Replace `ConcurrentBag<T>` with a simpler data structure #3433

jamescrosswell · 2024-06-18T23:34:38Z

We appear to be using ConcurrentBag<T> in ways it possibly wasn't designed for and this may be the cause of a memory leak we discovered. We should investigate using a simpler data structure that doesn't use ThreadLocals or WorkStealingPools, if possible.

Originally posted by @jamescrosswell in #3432 (comment)

The text was updated successfully, but these errors were encountered:

cliedeman · 2024-07-09T14:06:37Z

We are still experiencing high memory usage related to this

@jamescrosswell is there anything we can do in the short term?

bitsandfoxes · 2024-07-09T14:36:20Z

We should start looking into something similar to #829
If the SDK knows a transaction is going to get sampled then all the potential childspans can do a noop. That way users regain some control over the memory consumption via the sample rate.

jamescrosswell · 2024-07-10T01:49:35Z

@jamescrosswell is there anything we can do in the short term?
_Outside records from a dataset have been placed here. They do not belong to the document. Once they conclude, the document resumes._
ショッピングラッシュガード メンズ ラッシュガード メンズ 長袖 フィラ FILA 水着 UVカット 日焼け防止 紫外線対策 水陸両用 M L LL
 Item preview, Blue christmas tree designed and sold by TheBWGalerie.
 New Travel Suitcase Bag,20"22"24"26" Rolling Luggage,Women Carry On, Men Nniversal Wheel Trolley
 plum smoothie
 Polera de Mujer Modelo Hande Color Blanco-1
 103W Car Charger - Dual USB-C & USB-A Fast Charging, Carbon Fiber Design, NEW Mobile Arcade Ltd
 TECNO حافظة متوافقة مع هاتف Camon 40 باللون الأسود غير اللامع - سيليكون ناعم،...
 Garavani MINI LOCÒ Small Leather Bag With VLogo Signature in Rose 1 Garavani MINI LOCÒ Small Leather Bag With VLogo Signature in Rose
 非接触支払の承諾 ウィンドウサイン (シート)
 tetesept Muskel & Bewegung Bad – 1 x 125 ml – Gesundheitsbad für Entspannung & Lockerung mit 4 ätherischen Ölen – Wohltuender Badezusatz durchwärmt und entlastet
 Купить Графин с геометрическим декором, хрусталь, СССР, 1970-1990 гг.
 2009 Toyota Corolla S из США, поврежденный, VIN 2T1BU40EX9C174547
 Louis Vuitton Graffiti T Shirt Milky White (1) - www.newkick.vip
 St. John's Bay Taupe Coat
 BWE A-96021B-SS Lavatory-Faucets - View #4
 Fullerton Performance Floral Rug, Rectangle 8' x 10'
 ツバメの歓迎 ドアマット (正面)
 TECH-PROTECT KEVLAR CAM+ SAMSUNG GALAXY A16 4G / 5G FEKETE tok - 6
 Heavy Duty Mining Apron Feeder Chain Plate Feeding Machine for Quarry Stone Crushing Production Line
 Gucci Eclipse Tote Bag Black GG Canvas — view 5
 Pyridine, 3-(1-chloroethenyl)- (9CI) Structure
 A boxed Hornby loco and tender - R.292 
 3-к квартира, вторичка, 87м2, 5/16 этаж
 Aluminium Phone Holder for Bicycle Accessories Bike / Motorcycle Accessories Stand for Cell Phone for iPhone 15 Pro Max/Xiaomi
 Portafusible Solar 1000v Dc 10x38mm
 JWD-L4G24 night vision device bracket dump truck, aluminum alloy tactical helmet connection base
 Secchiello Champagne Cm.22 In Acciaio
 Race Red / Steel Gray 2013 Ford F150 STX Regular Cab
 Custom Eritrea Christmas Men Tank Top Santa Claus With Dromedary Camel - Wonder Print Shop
@cliedeman as far as I know, the original memory leak this ticket relates to was fixed in:

Fix memory leak when tracing is enabled #3432

The purpose of this ticket was to explore a more elegant solution.

We know of a memory leak in Sentry.Profiling (which is still not GA) but otherwise it should all be airtight.

If you're seeing memory growing monotonically and you're not using Sentry.Profiling then we'd definitely like to dig deeper. The first step for us is always reproducing the problem so if you can share a small sample project that recreates the issue then we can look into it.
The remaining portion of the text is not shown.